- _Activity_: Each line below has to be set down again exactly.

----- Supplied information -----

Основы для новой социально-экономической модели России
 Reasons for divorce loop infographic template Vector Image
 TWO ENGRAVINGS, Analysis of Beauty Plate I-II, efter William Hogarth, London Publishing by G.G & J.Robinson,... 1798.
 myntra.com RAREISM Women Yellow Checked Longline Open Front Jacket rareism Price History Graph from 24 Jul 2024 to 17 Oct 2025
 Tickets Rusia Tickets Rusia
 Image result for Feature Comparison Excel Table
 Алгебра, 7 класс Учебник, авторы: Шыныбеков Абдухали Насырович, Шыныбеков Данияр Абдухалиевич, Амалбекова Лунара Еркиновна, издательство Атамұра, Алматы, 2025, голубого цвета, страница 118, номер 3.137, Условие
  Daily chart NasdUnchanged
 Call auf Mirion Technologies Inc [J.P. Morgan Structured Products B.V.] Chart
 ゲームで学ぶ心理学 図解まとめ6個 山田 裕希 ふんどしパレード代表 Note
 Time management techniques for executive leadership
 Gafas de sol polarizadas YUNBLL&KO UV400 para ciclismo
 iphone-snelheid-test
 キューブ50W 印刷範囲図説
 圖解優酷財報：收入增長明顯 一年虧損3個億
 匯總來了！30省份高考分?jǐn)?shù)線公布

-----

- _Solution to the problem_:
Основы для новой социально-экономической модели России
 Reasons for divorce loop infographic template Vector Image
 TWO ENGRAVINGS, Analysis of Beauty Plate I-II, efter William Hogarth, London Publishing by G.G & J.Robinson,... 1798.
 myntra.com RAREISM Women Yellow Checked Longline Open Front Jacket rareism Price History Graph from 24 Jul 2024 to 17 Oct 2025
 Tickets Rusia Tickets Rusia
 Image result for Feature Comparison Excel Table
 Алгебра, 7 класс Учебник, авторы: Шыныбеков Абдухали Насырович, Шыныбеков Данияр Абдухалиевич, Амалбекова Лунара Еркиновна, издательство Атамұра, Алматы, 2025, голубого цвета, страница 118, номер 3.137, Условие
  Daily chart NasdUnchanged
 Call auf Mirion Technologies Inc [J.P. Morgan Structured Products B.V.] Chart
 ゲームで学ぶ心理学 図解まとめ6個 山田 裕希 ふんどしパレード代表 Note
 Time management techniques for executive leadership
 Gafas de sol polarizadas YUNBLL&KO UV400 para ciclismo
 iphone-snelheid-test
 キューブ50W 印刷範囲図説
 圖解優酷財報：收入增長明顯 一年虧損3個億
 匯總來了！30省份高考分?jǐn)?shù)線公布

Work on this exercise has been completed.